Gül also touched upon the new constitution draft of the government during his speech and said that the proposal should be evaluated with an open mind. Gül thus became the first figure from outside the People’s Alliance to declare support for the draft constitution.
Gül said, “Turkey deserves to enter its new century with a new modern constitution, that carries the democratic state concept in both letter and spirit.”
Gül added that the need for a new constitution is obvious, as the current constitution had “deficits and contradictions” after many revisions.
Former Prime Minister and Foreign Minister from the ruling Justice and Development Party (AKP), Abdullah Gül was the President between 2007 and 2014 prior to Recep Tayyip Erdoğan. Gül was considered as a potential candidate against Erdoğan for the 2018 presidential elections for the main opposition Nation Alliance.

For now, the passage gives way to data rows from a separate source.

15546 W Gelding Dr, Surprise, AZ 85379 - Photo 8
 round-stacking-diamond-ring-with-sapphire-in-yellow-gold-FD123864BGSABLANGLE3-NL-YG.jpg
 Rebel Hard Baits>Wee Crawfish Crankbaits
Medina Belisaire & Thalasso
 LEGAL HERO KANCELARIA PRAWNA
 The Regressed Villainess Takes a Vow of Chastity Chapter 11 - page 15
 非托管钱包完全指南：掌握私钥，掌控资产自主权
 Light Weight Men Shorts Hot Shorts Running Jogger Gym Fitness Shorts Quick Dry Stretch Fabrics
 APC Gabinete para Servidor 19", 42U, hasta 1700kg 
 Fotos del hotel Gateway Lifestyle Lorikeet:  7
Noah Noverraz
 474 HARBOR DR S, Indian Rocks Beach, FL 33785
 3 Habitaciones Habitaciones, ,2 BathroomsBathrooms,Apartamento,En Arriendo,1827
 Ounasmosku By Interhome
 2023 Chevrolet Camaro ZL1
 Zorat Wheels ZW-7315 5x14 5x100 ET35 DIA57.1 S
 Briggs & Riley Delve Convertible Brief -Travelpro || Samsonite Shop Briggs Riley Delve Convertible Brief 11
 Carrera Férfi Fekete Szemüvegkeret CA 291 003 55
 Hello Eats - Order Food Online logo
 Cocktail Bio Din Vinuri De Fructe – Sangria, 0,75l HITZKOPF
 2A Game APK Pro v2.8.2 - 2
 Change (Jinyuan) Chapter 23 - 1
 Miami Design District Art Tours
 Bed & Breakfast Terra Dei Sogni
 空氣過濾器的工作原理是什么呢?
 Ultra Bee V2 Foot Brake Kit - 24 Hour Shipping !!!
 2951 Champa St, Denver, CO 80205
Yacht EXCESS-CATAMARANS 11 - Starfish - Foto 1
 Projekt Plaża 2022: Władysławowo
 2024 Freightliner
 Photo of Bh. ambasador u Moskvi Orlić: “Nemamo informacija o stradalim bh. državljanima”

Between 2013 and 2015, the Turkish government and the Kurdistan Workers’ Party (PKK) maintained a fragile ceasefire in a move to resolve the Kurdish issue. Through the peace process, government and intelligence officials would meet with jailed PKK leader Abdullah Öcalan on the İmralı Island, with Peoples’ Democratic Party (HDP) lawmakers acting as mediators and go-betweens, conveying messages to the PKK’s military leadership in Qandil Mountains. However, after two years, the peace process fell apart and the conflict resumed.